Py4JJavaError: An error occurred while calling o1972.showString.
.
.
.
.
ModuleNotFoundError: No module named 'fuzzywuzzy'
at org.apache.spark.api.python.PythonRunner$$anon$1.read(PythonRDD.scala:193)
at org.apache.spark.api.python.PythonRunner$$anon$1.<init>(PythonRDD.scala:234)
at org.apache.spark.api.python.PythonRunner.compute(PythonRDD.scala:152)
at org.apache.spark.sql.execution.python.BatchEvalPythonExec$$anonfun$doExecute$1.apply(BatchEvalPythonExec.scala:144)
at org.apache.spark.sql.execution.python.BatchEvalPythonExec$$anonfun$doExecute$1.apply(BatchEvalPythonExec.scala:87)
at org.apache.spark.rdd.RDD$$anonfun$mapPartitions$1$$anonfun$apply$23.apply(RDD.scala:797)
at org.apache.spark.rdd.RDD$$anonfun$mapPartitions$1$$anonfun$apply$23.apply(RDD.scala:797)
at org.apache.spark.rdd.MapPartitionsRDD.compute(MapPartitionsRDD.scala:38)
at org.apache.spark.rdd.RDD.computeOrReadCheckpoint(RDD.scala:323)
at org.apache.spark.rdd.RDD.iterator(RDD.scala:287)
at org.apache.spark.rdd.MapPartitionsRDD.compute(MapPartitionsRDD.scala:38)
at org.apache.spark.rdd.RDD.computeOrReadCheckpoint(RDD.scala:323)
at org.apache.spark.rdd.RDD.iterator(RDD.scala:287)
at org.apache.spark.rdd.MapPartitionsRDD.compute(MapPartitionsRDD.scala:38)
at org.apache.spark.rdd.RDD.computeOrReadCheckpoint(RDD.scala:323)
at org.apache.spark.rdd.RDD.iterator(RDD.scala:287)
at org.apache.spark.scheduler.ResultTask.runTask(ResultTask.scala:87)
at org.apache.spark.scheduler.Task.run(Task.scala:99)
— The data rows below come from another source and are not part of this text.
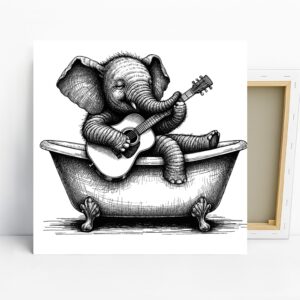 Elephant Art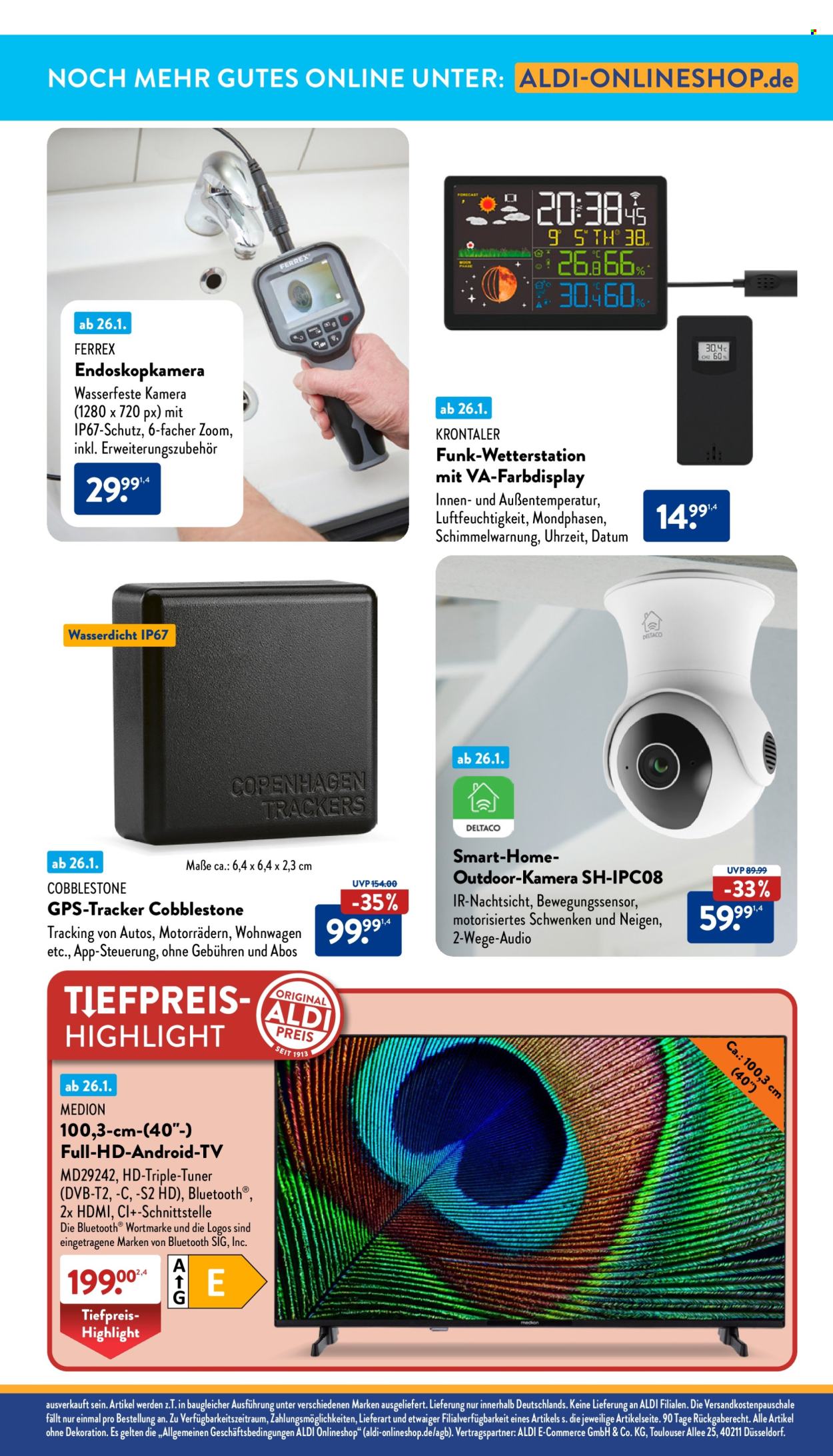 ALDI Nord Prospekte  - 27.01.2025 - 1.02.2025. Seite 5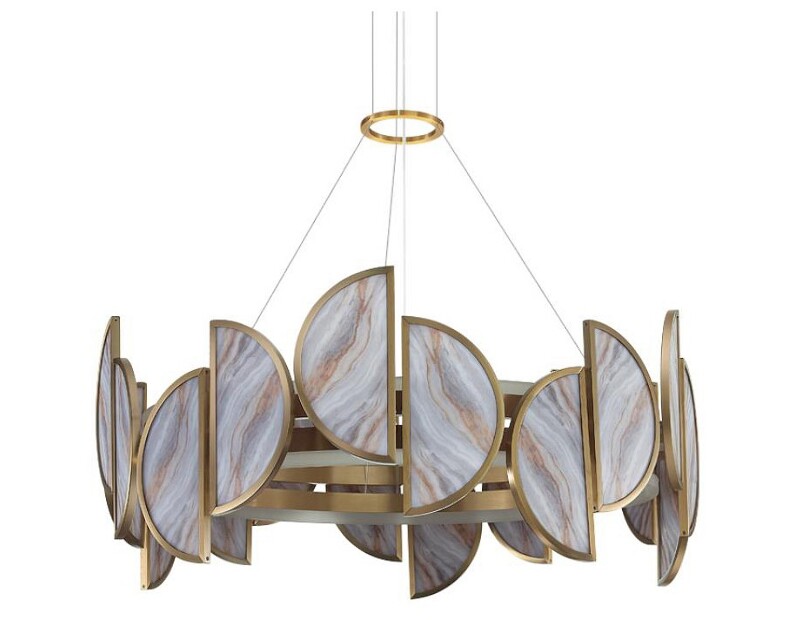 Подвесной светильник Odeon Light Toscana 5448/40L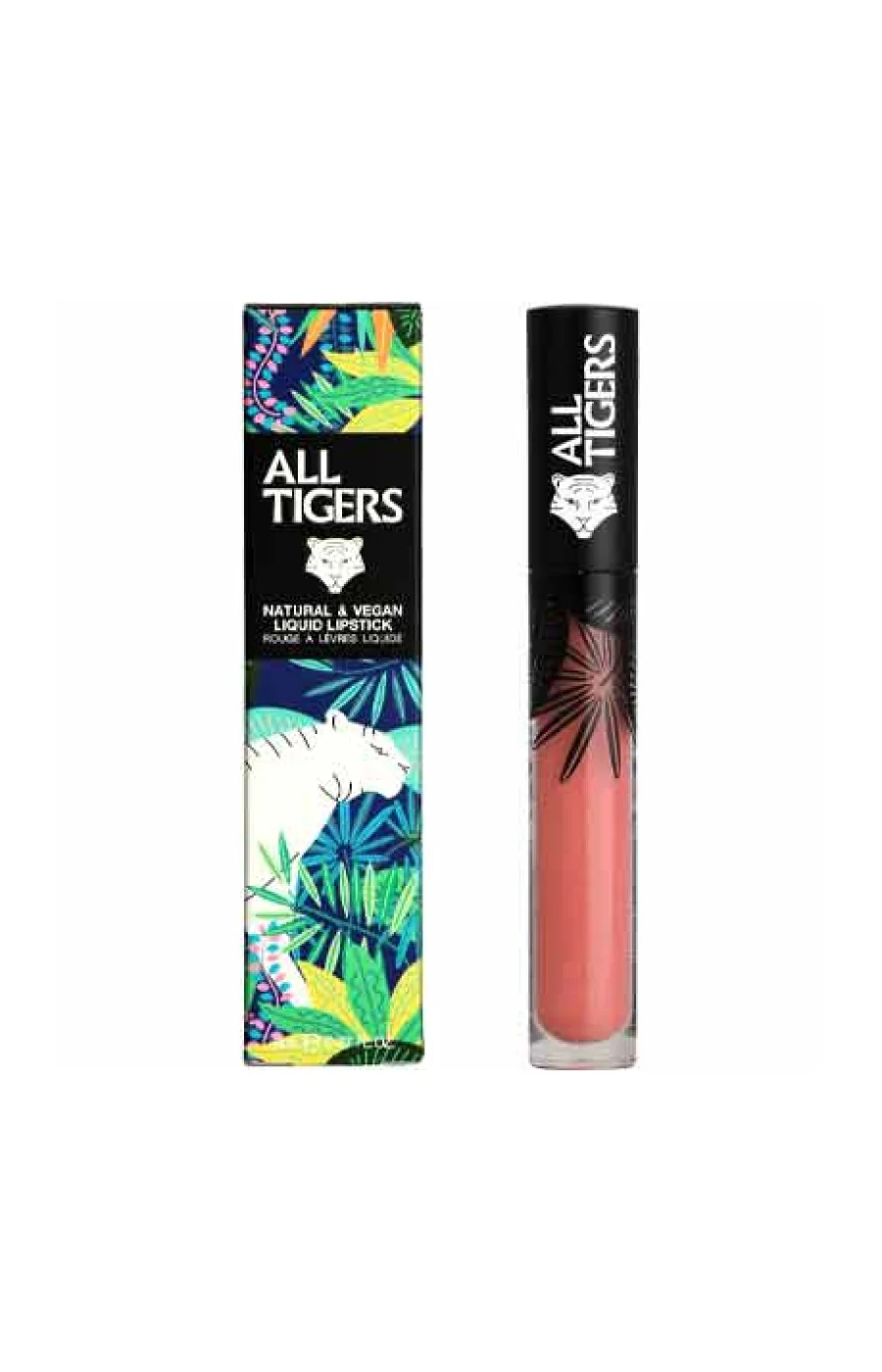 Rouge à lèvres liquide mat naturel - 8 ml - Image 15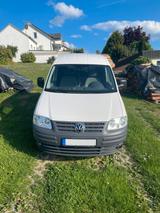 Volkswagen Caddy Kastenwagen 1.4 - gebrauchte VW Caddy aus dem Jahr 2006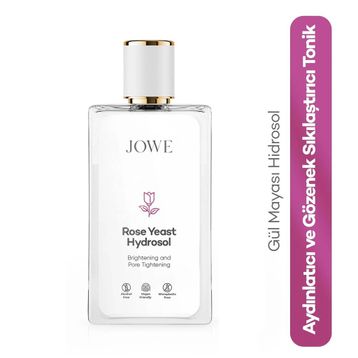 Jowe Gül Mayası Aydınlatıcı ve Gözenek Sıkılaştırıcı 100 ml Tonik Sprey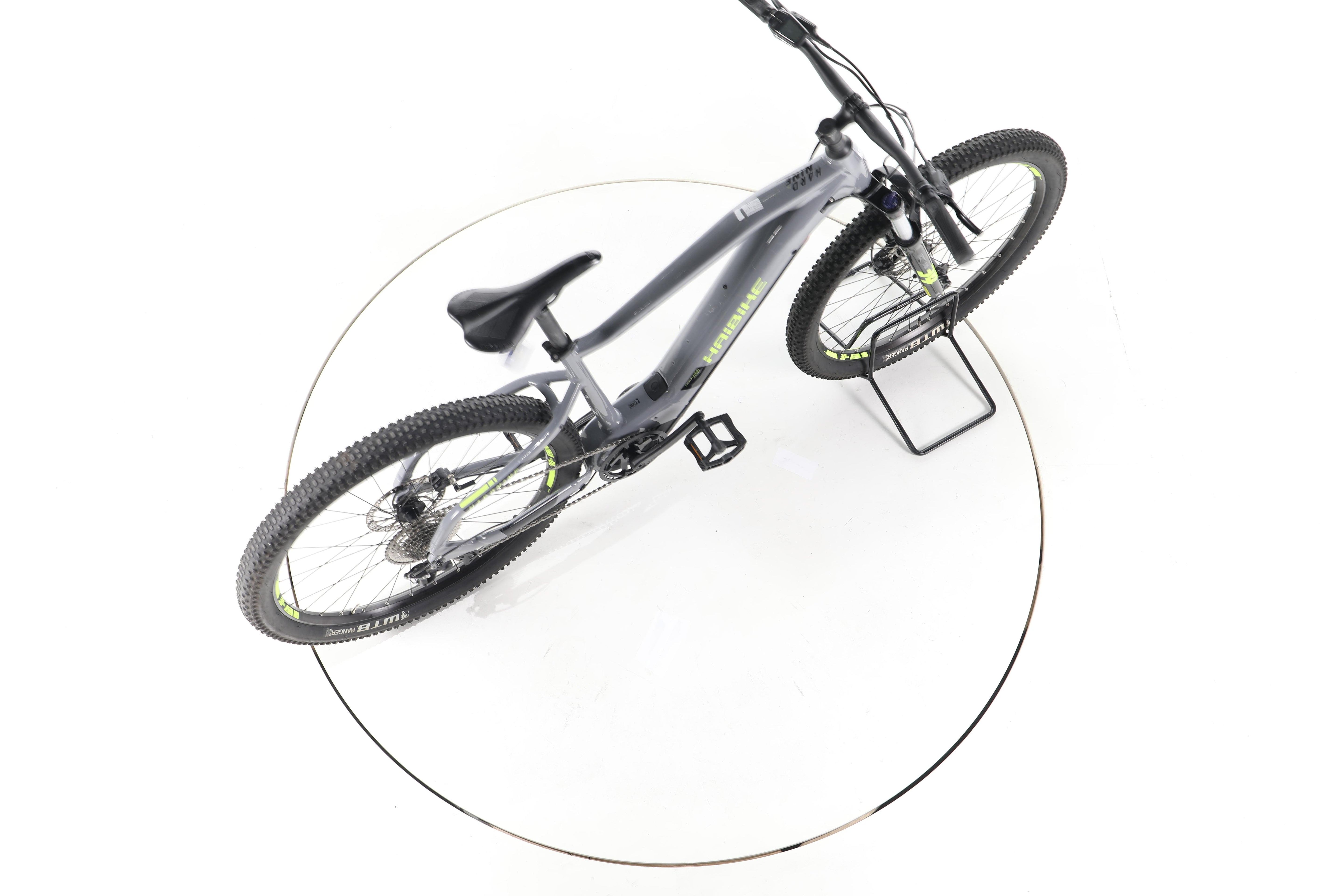 Haibike HardNine 6 E-Bike - Image 24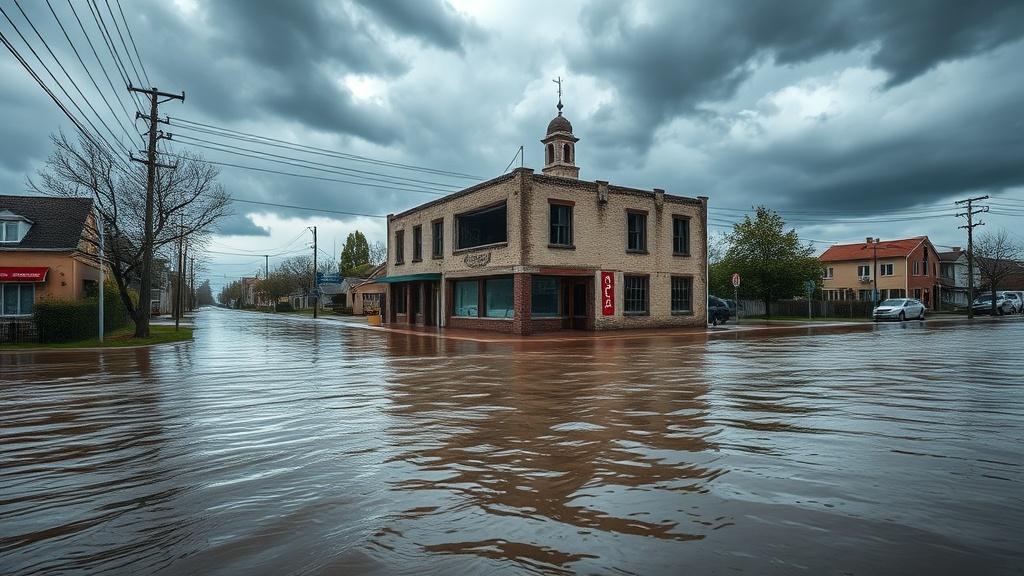 Asia Floods: Cyclones Fuel Deadly Monsoon Disaster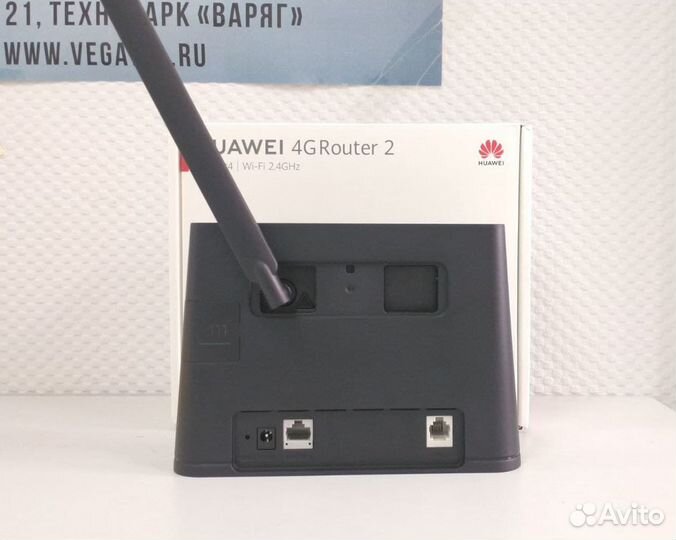 Wi-Fi роутер huawei B311-221 3G/LTE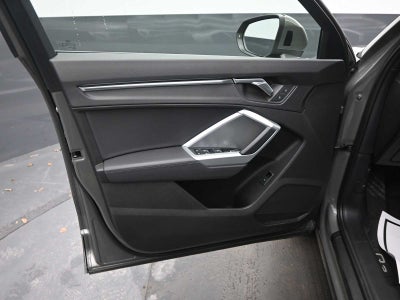 2020 Audi Q3 Premium Plus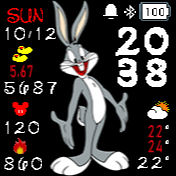 Bugs Bunny
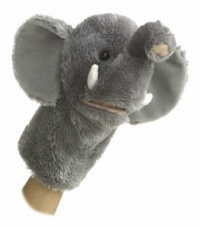 Aurora World 10 Elephant Puppet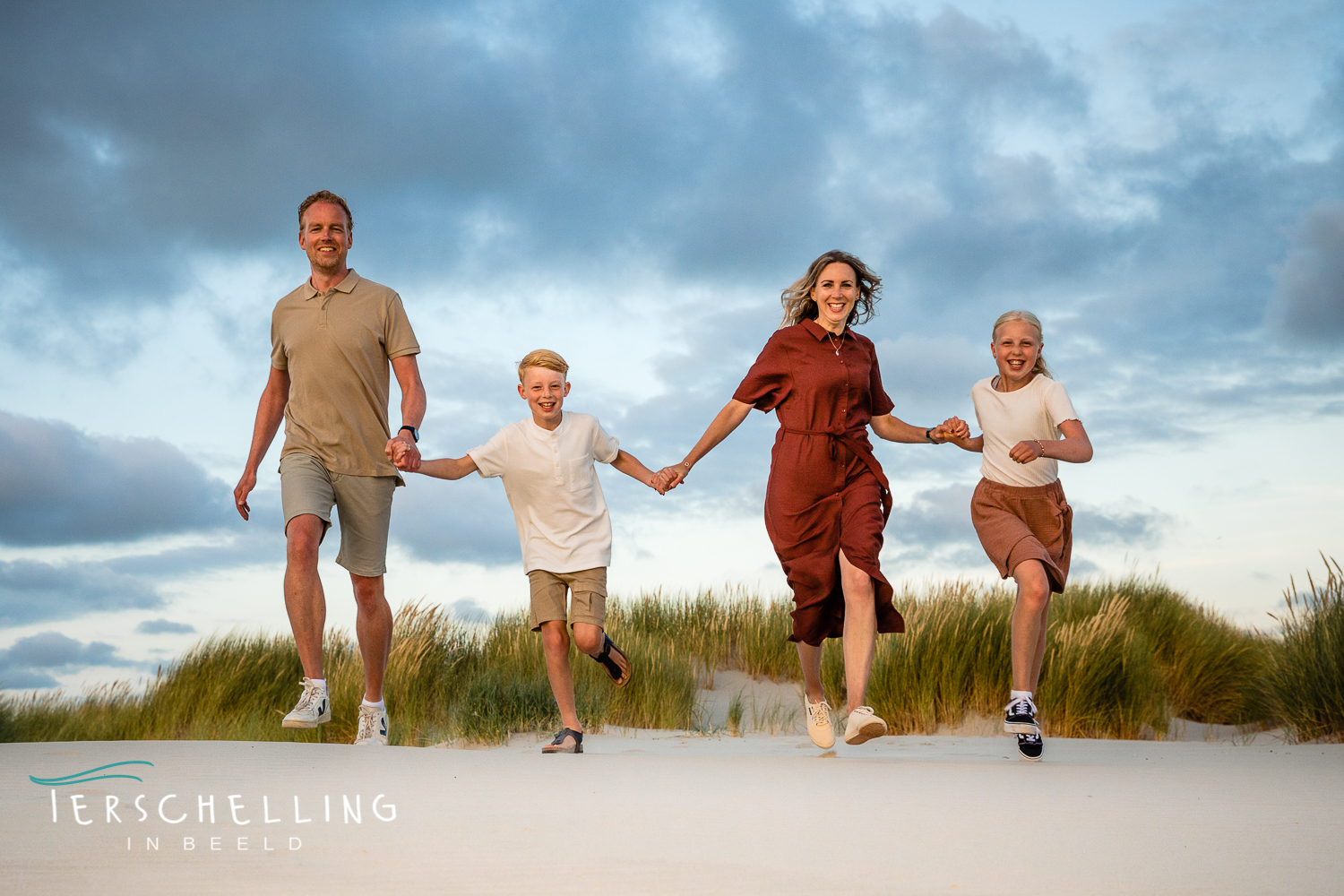 familie fotograaf terschelling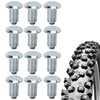 100 Pcs Bike Universal Tire Studs Skidproof High Strength Wearproof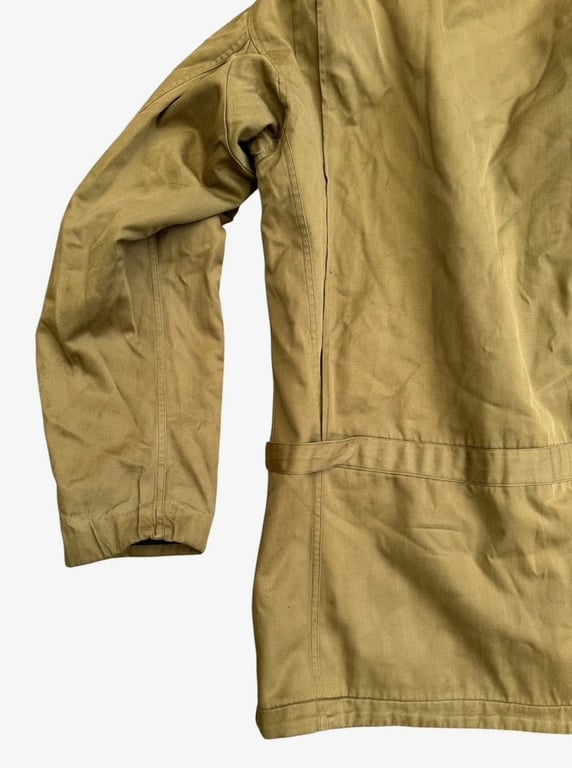 U.S. WWII winter version of the M-1941 Field Jacket.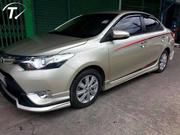 Toyota Yaris • 2014 • 98,600 km 2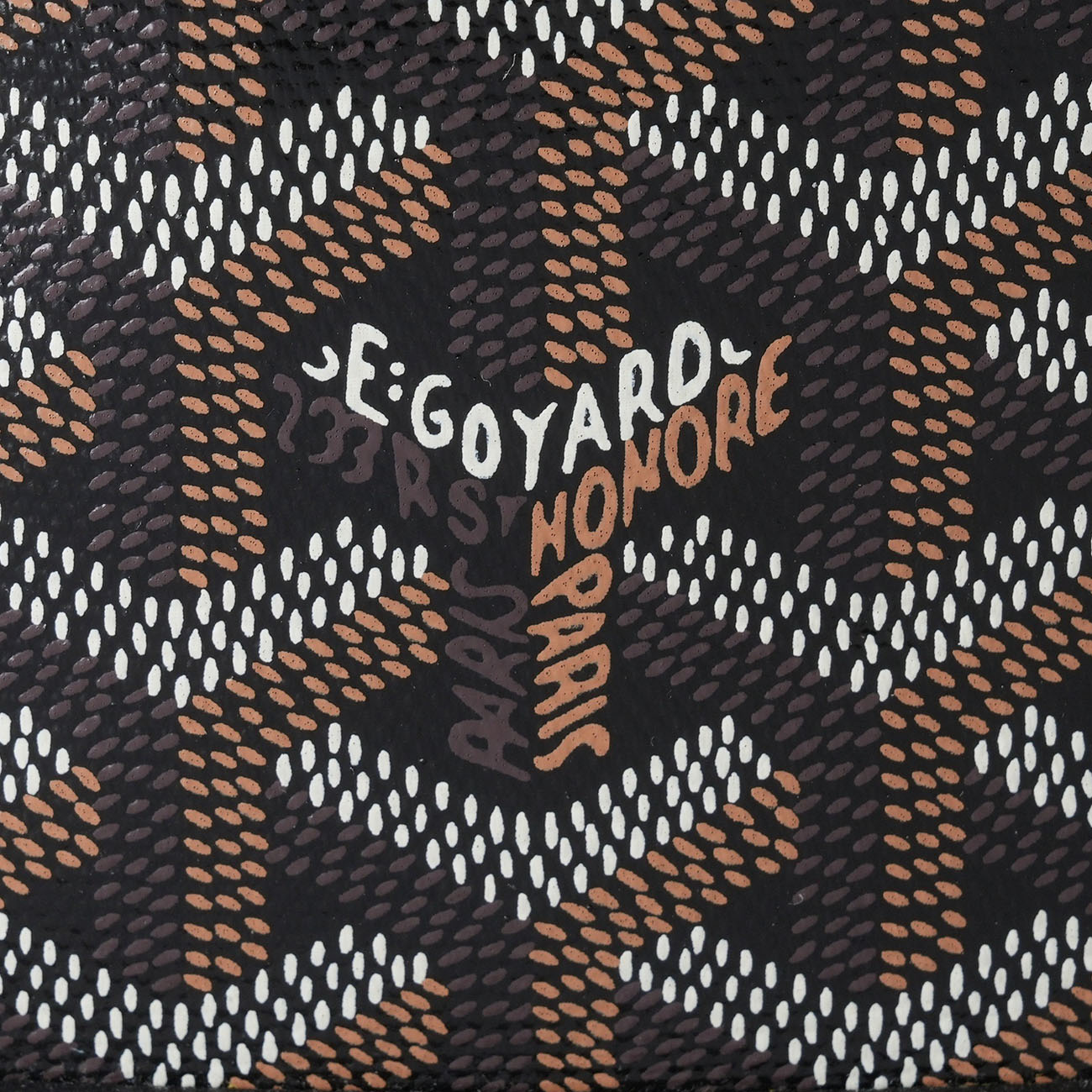 GOYARD(USED)고야드 쁘띠 플로 버킷백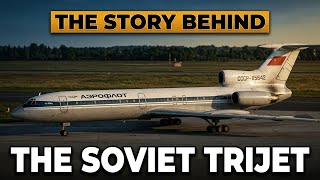 The Tu-54's Hidden Legacy: Cold War Aviation's Forgotten Giant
at org.apache.spark.executor.Executor$TaskRunner.run(Executor.scala:322)
at java.util.concurrent.ThreadPoolExecutor.runWorker(ThreadPoolExecutor.java:1149)
at java.util.concurrent.ThreadPoolExecutor$Worker.run(ThreadPoolExecutor.java:624)
... 1 more
This is the first time I am working with spark and how it works. Please help.
What functions can I use to perform the same, like fuzzy matching the col value with choices = ['hello','hello world','world hello']
. Also, fuzzy package is installed in all the nodes.